(Beginning of Exercise inputs)
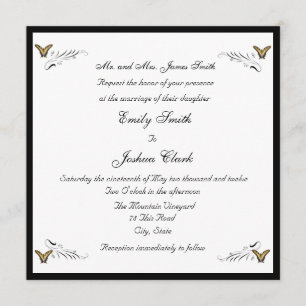 Papillons et faire-part de mariage à perruques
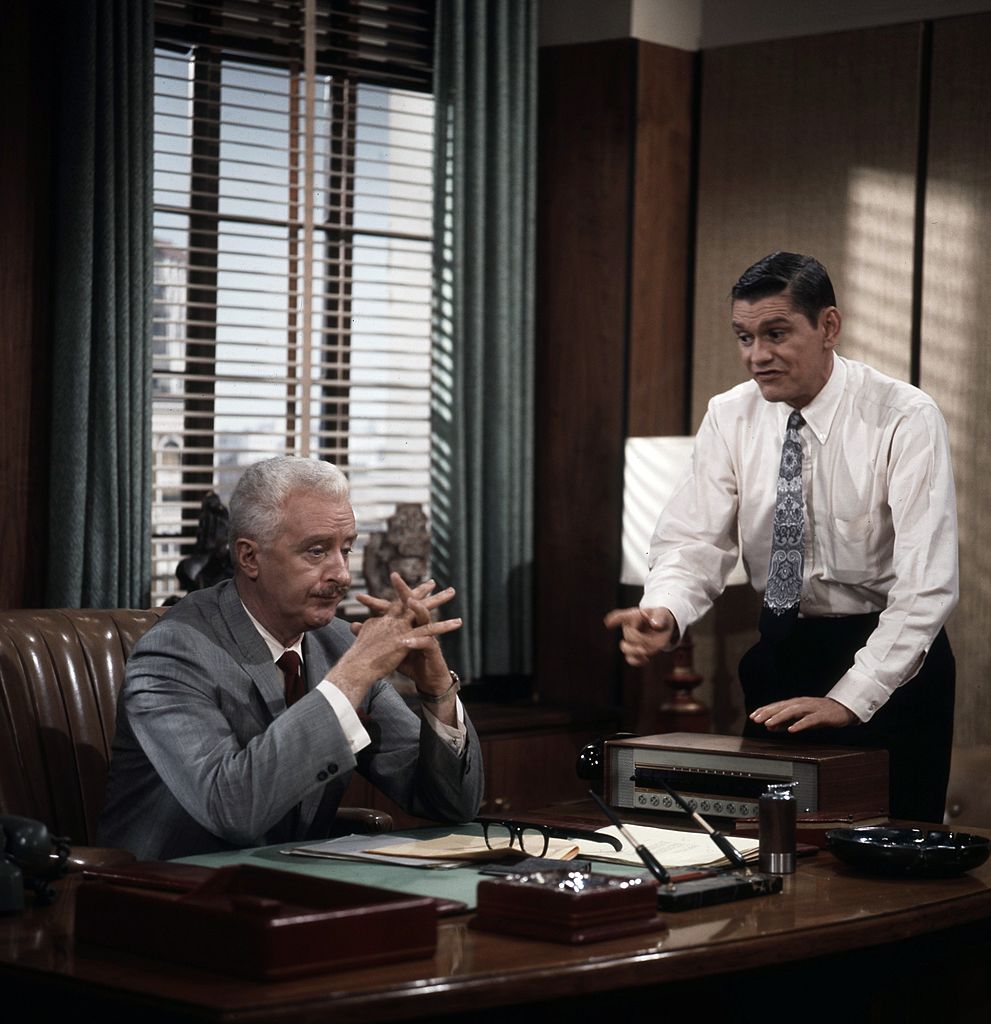 "Bewitched" episode "George, The Warlock" - Airdate: April 22, 1965. In the photo: David White and Dick York. | Source: Getty Images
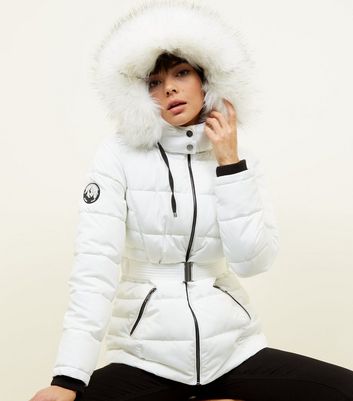 White Faux Fur Hood Belted Puffer 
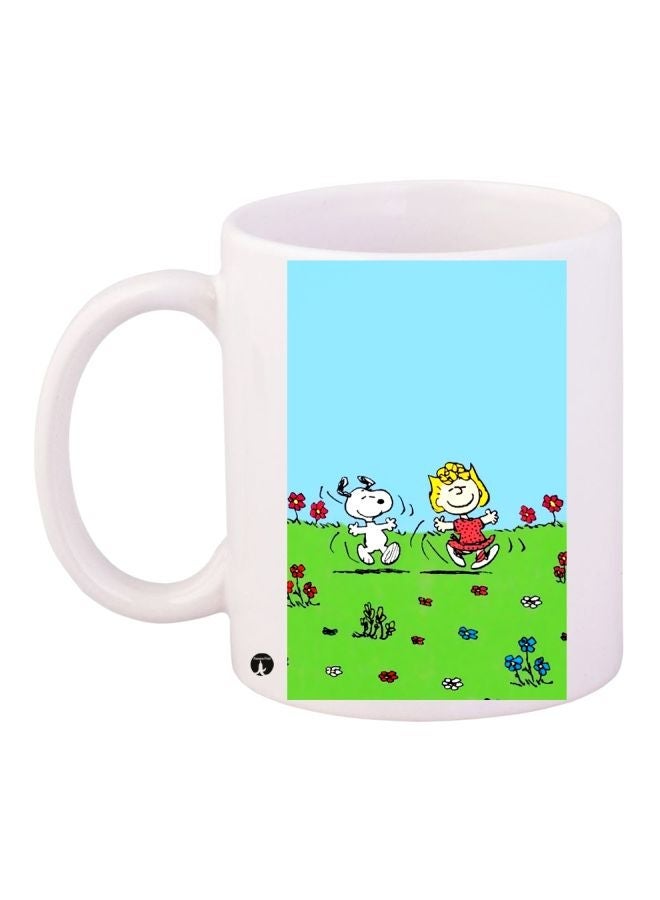 Snoopy Dog Printed Coffee Mug White/Blue/Green 11ounce
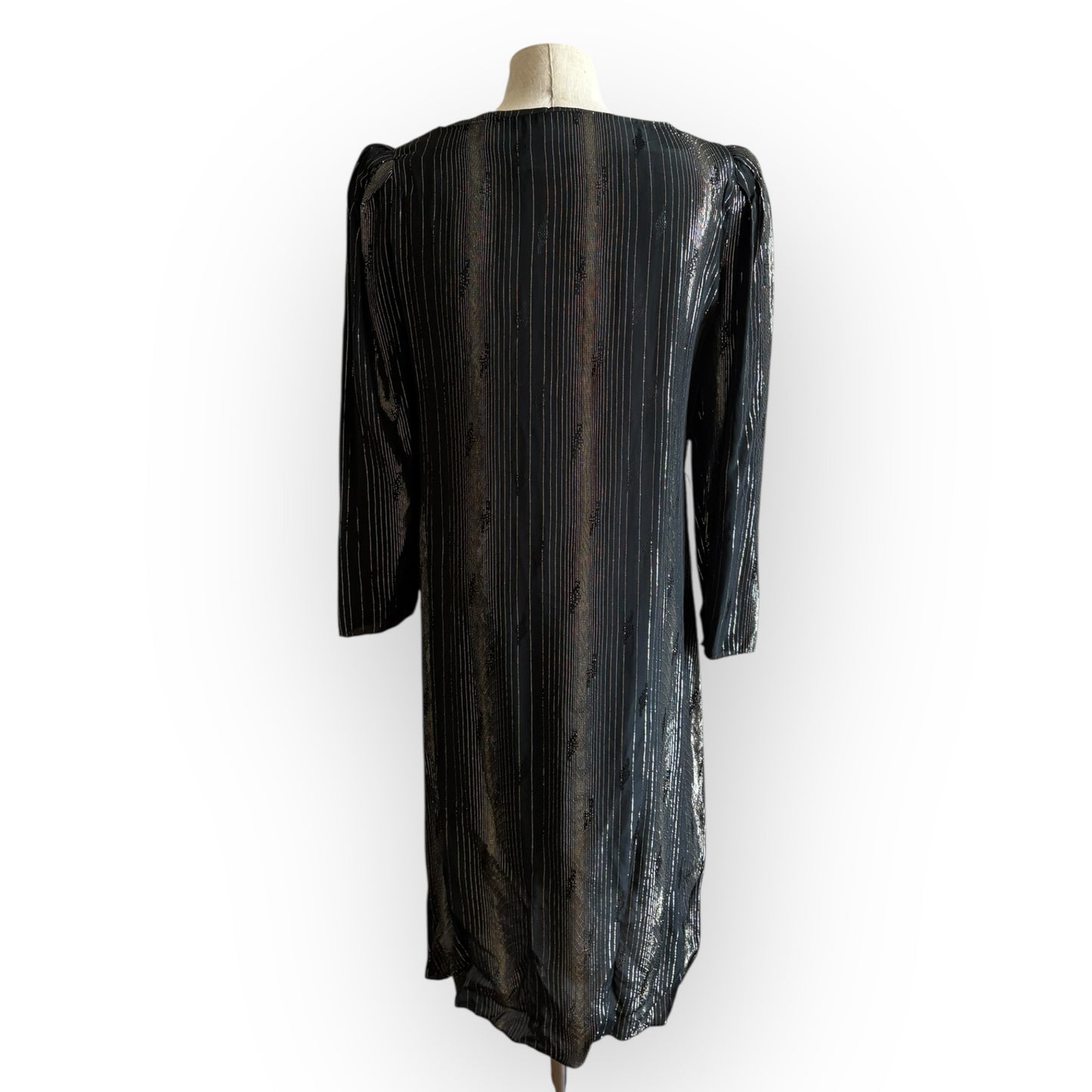Vintage 1980s Black Metallic Shimmer Tunic Shirt Dress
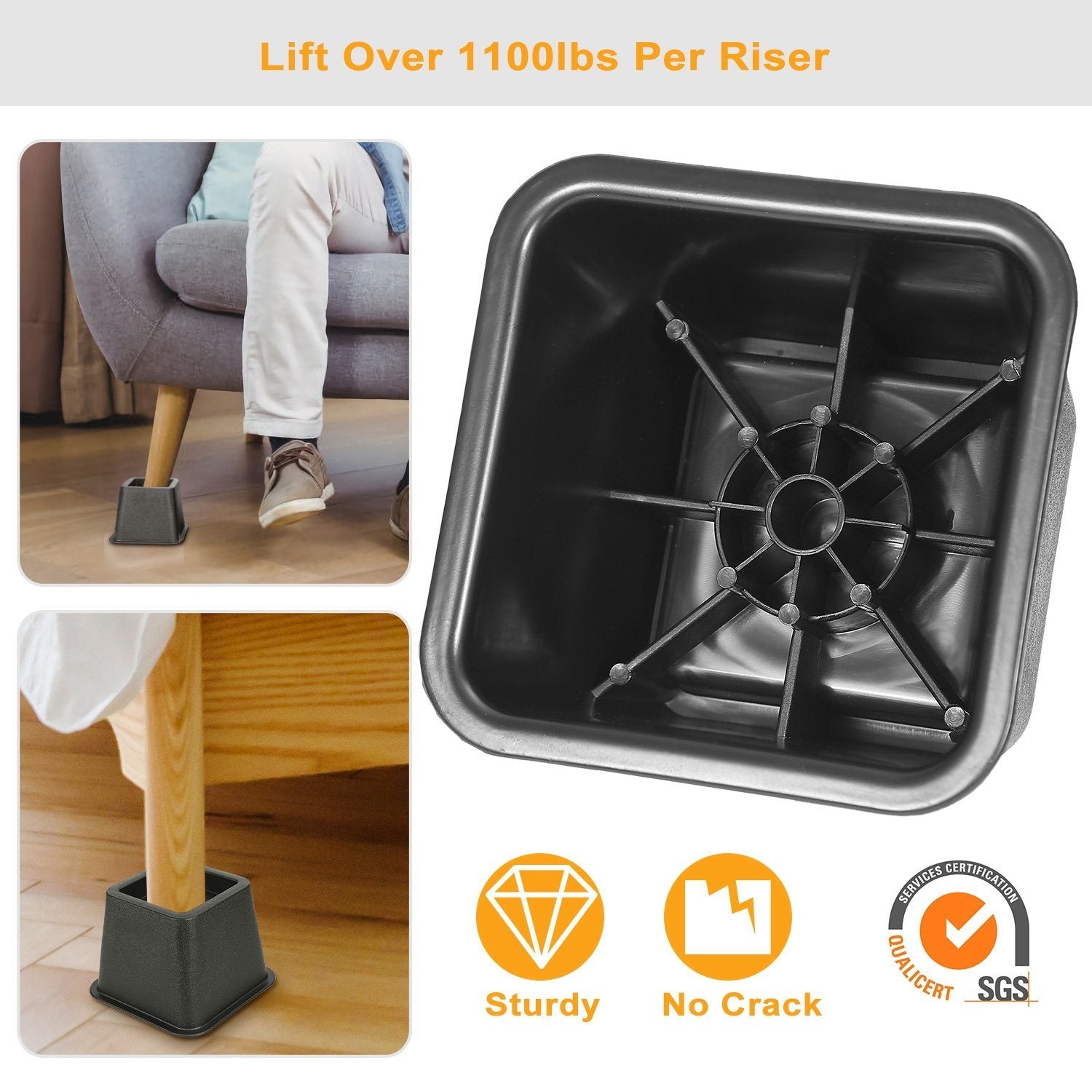 8-Pieces: Furniture Risers Home Improvement - DailySale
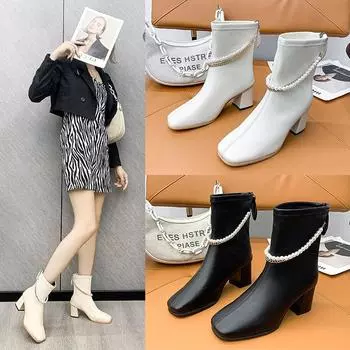 Short Boots Women Spring And Autumn Single Boots New Pointed Thick Heel Stretch Boots Fashion Pearl Riding Boots 43 белый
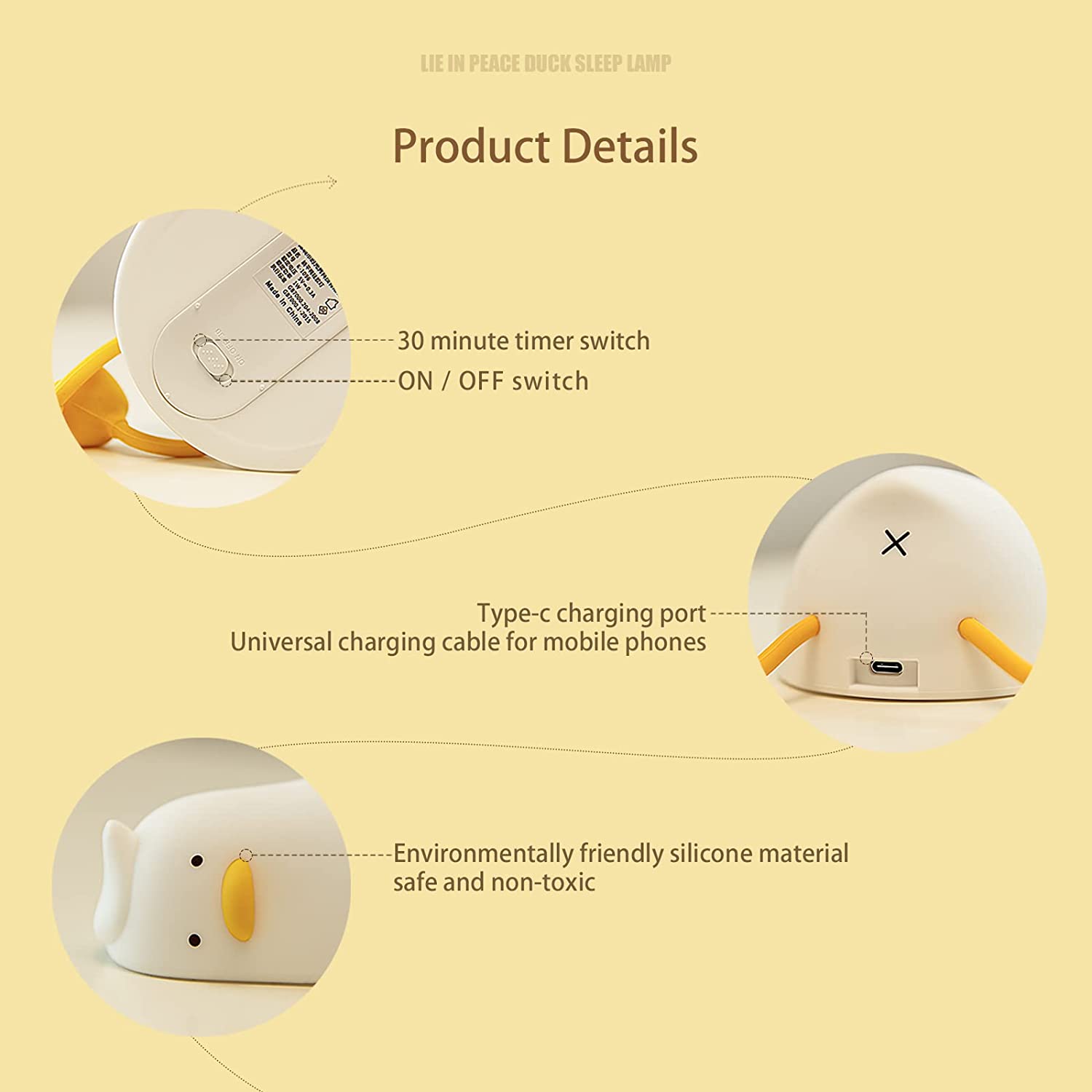 UNEEDE Benson Lying Flat Existential Crisis Duck Night Light Lazy Duck Light Sad Duck Night Light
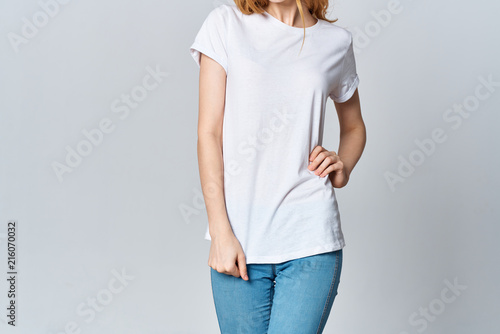 woman in white t-shirt logo place free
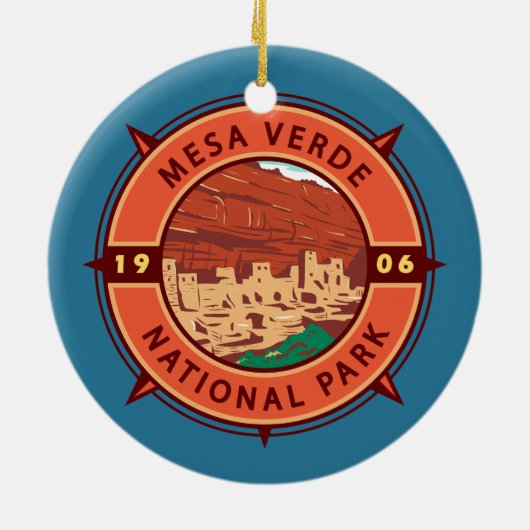 Mesa Verde National Park Retro Compass Embleem Keramisch Ornament (Achterkant)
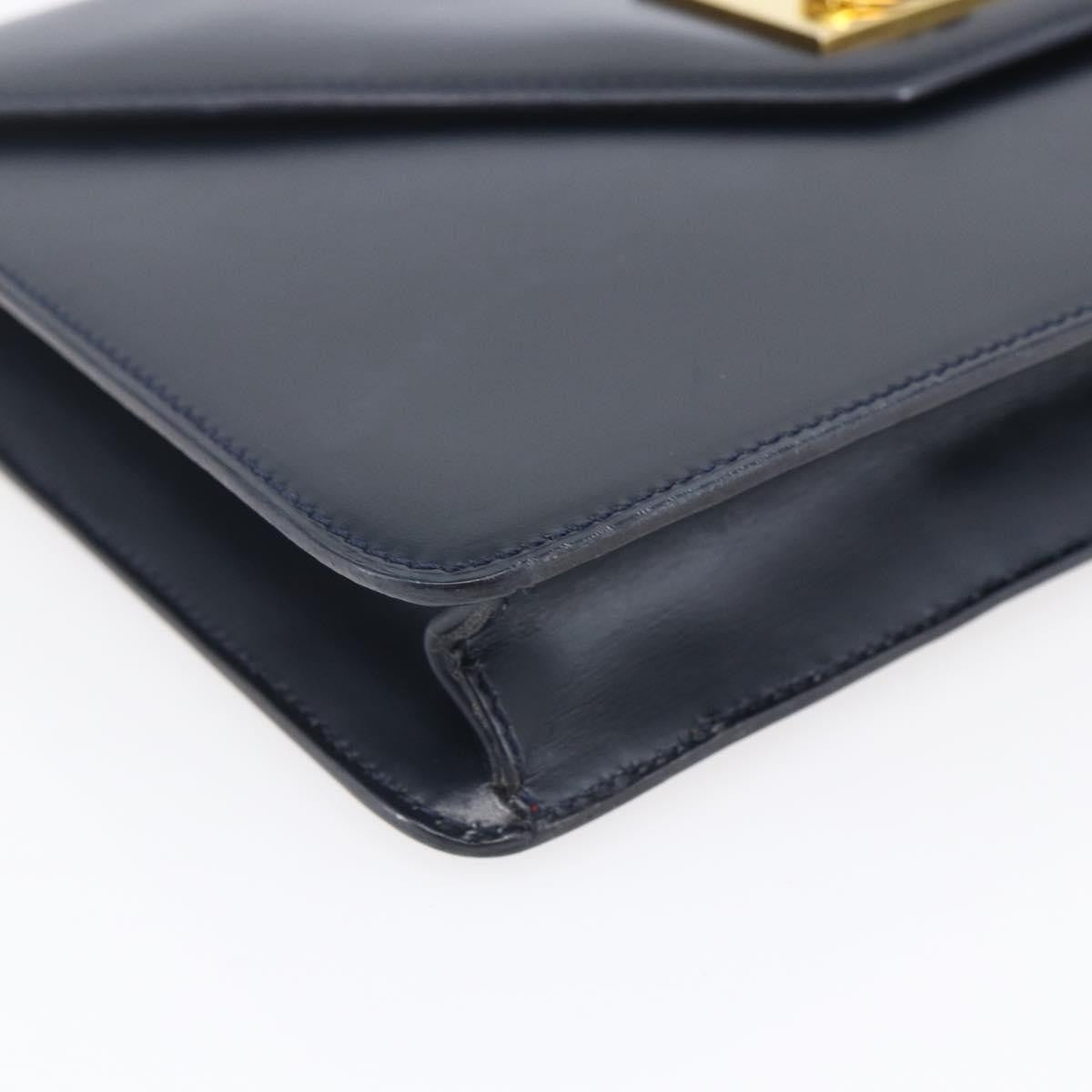 Celine Clutch Bag Leather Navy Leather Clutche & Pouche Bag (Pre-Owned)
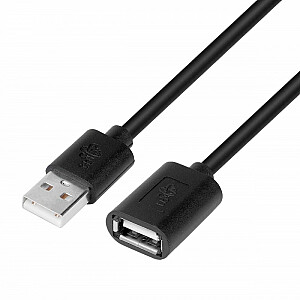 AM-AF USB kabelis, pagarinājums 1,8 m, melns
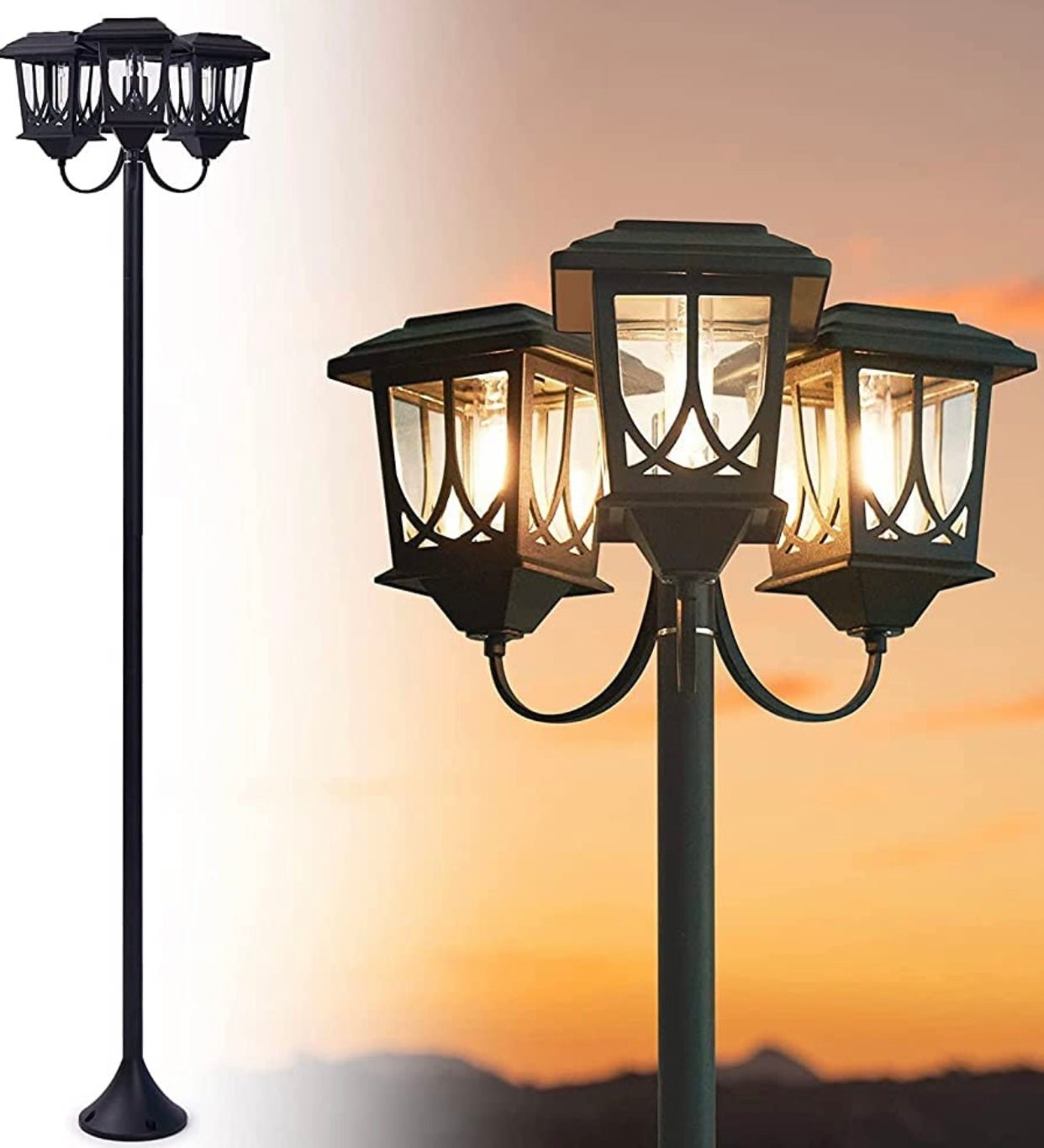 SmartYard Aluminum 74.8“ Outdoor Lamp Post Lights ,3-Head Waterproof Street Lights 60 Lumen - Outdoor Solar Outlet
(End of Exercise inputs)
• **Task statement**
Without the pictures, retype the whole of the material above exactly.

• **Exercise solution**
 Papillons et faire-part de mariage à perruques
 "Bewitched" episode "George, The Warlock" - Airdate: April 22, 1965. In the photo: David White and Dick York. | Source: Getty Images
 White Faux Fur Hood Belted Puffer 
 Snoopy Dog Printed Coffee Mug White/Blue/Green 11ounce
Vintage 1980s Black Metallic Shimmer Tunic Shirt Dress
 8-Pieces: Furniture Risers Home Improvement - DailySale
 Short Boots Women Spring And Autumn Single Boots New Pointed Thick Heel Stretch Boots Fashion Pearl Riding Boots 43 белый
 UNEEDE Benson Lying Flat Existential Crisis Duck Night Light Lazy Duck Light Sad Duck Night Light
 woman in white t-shirt logo place free
 Mesa Verde National Park Retro Compass Embleem Keramisch Ornament (Achterkant)
 Celine Clutch Bag Leather Navy Leather Clutche & Pouche Bag (Pre-Owned)
 AM-AF USB kabelis, pagarinājums 1,8 m, melns
 SmartYard Aluminum 74.8“ Outdoor Lamp Post Lights ,3-Head Waterproof Street Lights 60 Lumen - Outdoor Solar Outlet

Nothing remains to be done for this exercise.